After hearing of the charges, Curley said,
"We have grave concerns that his rights under the law continue to be ignored and even abused...The steps the U.S. military is now taking continue to deny Bilal his right to due process...represents a miscarriage of the very justice and rule of law that the United States is claiming to help Iraq achieve...At this point, we believe the correct recourse is the immediate release of Bilal." AP attorney Dave Tomlin has commented, "This is not due process, not anything like due process."

Kathleen Carroll, AP's executive editor, argued that Hussein's being found with insurgents did not mean that he was one of them. "Journalists have always had relationships with people that others might find unsavory," she said. "We're not in this to choose sides, we're to report what's going on from all sides."

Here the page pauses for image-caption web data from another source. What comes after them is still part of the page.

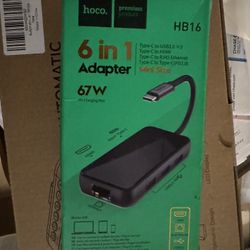 USB C HUB, USB C Adapter 6 in 1 with USB 3.0, 4K-HDMI, USB C Connection/PD, SD/TF Card Reader, Docking Station Compatible with MacBook Pro/Air Laptop 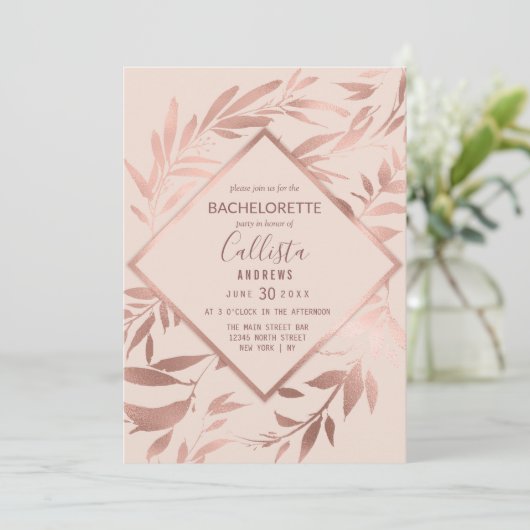Elegant Roos Goud Bloemen Bachelorette Blush Roze Kaart (Staand voorkant)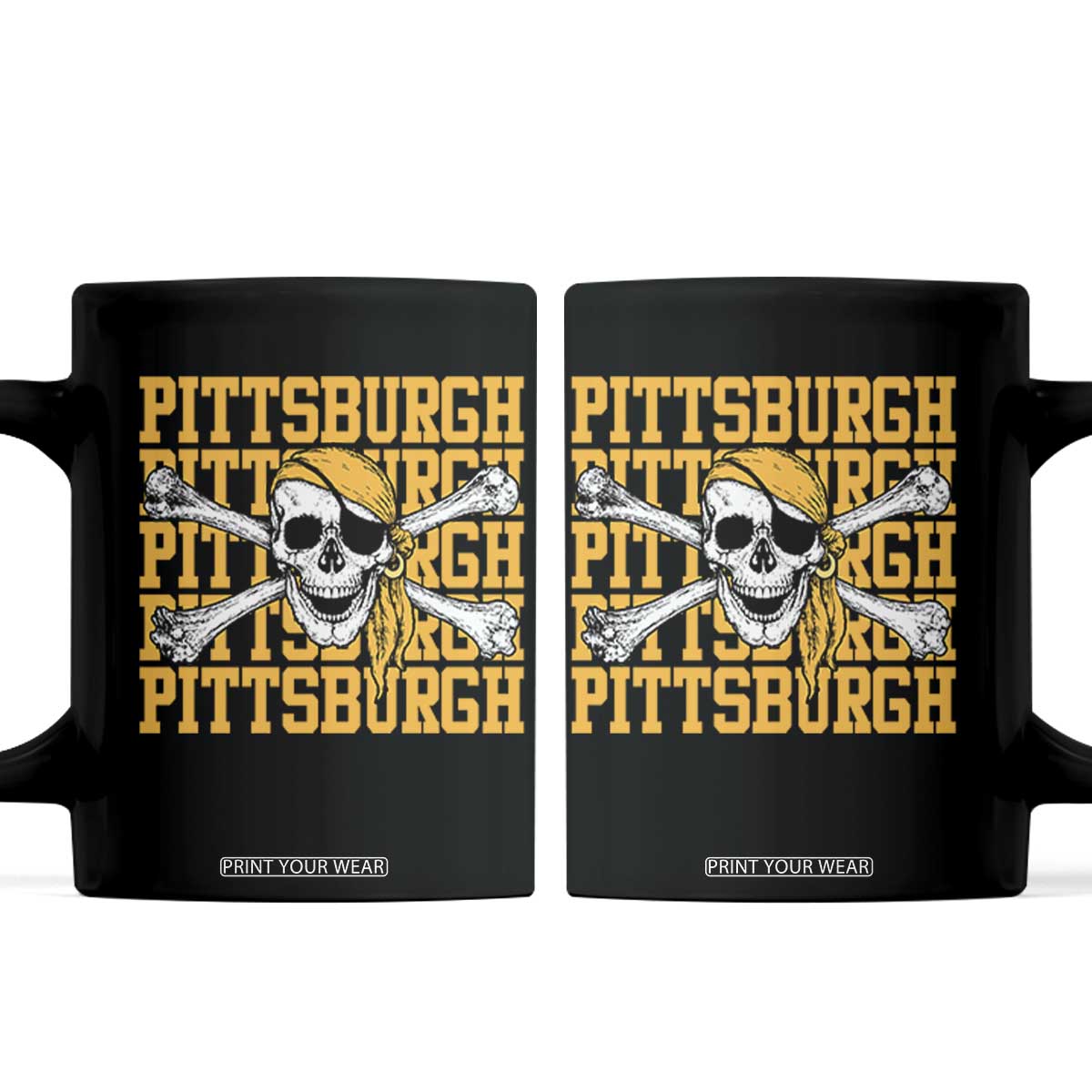 Pittsburgh Lovers Coffee Mug Retro Pennsylvania Steel City Pirate Skull TS10 Black Print Your Wear
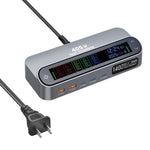 YMX-LCD405W 405W 3xType-C 및 2xUSB GaN 스마트 디지털 디스플레이 다기능 충전기, AU 플러그, EU 플러그, UK 플러그, US 플러그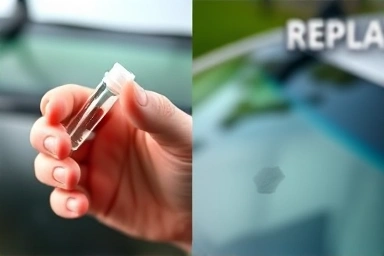 Windshield chip repair vs. replacement concept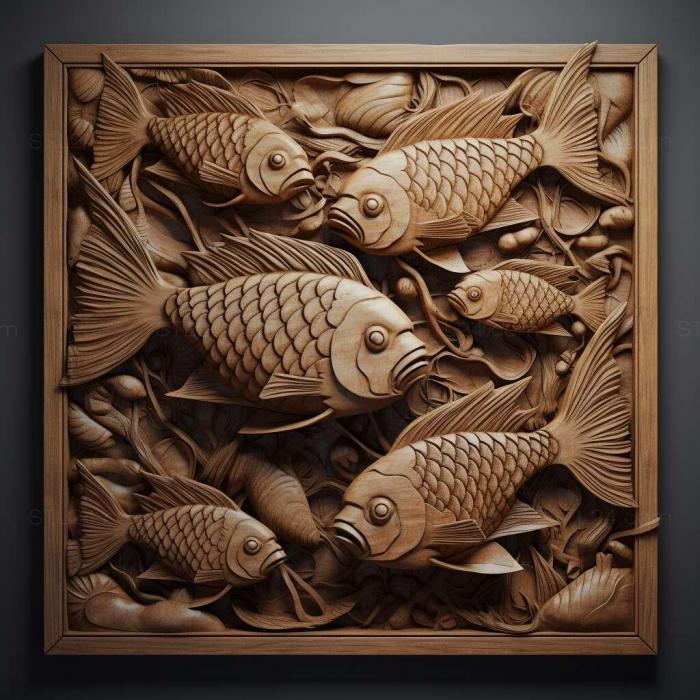 Nature and animals (Diamond munchaus fish 3, NATURE_3807) 3D models for cnc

Other AP executives said that their review of Hussein's work did not find anything to indicate inappropriate contact with insurgents, and any evidence against him should be brought to the Iraqi criminal justice system. Of the 420 of Hussein's photographs that the AP reviewed, Lyon said that only 37 photos show insurgents or people who could be insurgents; "The vast majority of the 420 images show the aftermath or the results of the conflict - blown up houses, wounded people, dead people, street scenes."

In urging the release of Hussein, in September 2006, AP officials noted that he was "one of an estimated 14,000 people detained as suspected security threats by the U.S. military worldwide — 13,000 of them in Iraq. Few are charged with a specific crime or given a chance before any court or tribunal to argue for their freedom."

AP executives said that the US military has not provided any concrete evidence to back up the allegations they have raised about him. AP International Editor John Daniszewski said that the AP was told that Hussein was involved with the kidnapping of two Arab journalists in Ramadi. When the AP tracked down the journalists, the men said that Hussein had helped them after they were released by their captors without money or a vehicle. The two journalists also said that they had never been contacted for their account by multinational forces. Scott Horton, a human rights lawyer in New York hired by the AP to work on Hussein's case, said that the military has provided contradictory accounts of whether Hussein was targeted or simply caught up in a broader sweep.

When Hussein was freed in 2008, the AP denied he had any "improper contacts." It said "he was just doing his job."

===Other responses===
The New York-based Committee to Protect Journalists said in 2005 it had documented seven cases like that of Hussein, of Iraqi journalists detained by US forces without charge since the start of the 2003 invasion of Iraq.

Hussein has been criticized by conservatives on the Internet, who raised questions about his images months before he was detained. One blogger, Michelle Malkin, wrote about him on the day of his arrest, citing an anonymous military source in Iraq.

===Ending of legal proceedings===
On April 7, 2008 an Iraqi court found that Bilal Hussein's case fell under an existing amnesty regulation. It directed the prosecutor to "cease legal proceedings" and ordered Hussein's "immediate" release unless other charges were pending. A Pentagon spokesman said that the decision on Hussein's release would be made by "officials" in Iraq, "based upon their assessment as to whether he remains a threat." On April 14, 2008 the US military announced that they no longer considered Hussein an "imperative threat." He was released on April 16, 2008

==Award==
In 2008, Hussein won an International Press Freedom Award from the Committee to Protect Journalists. The award is given for journalists who show courage in defending press freedom in the face of attacks, threats or imprisonment.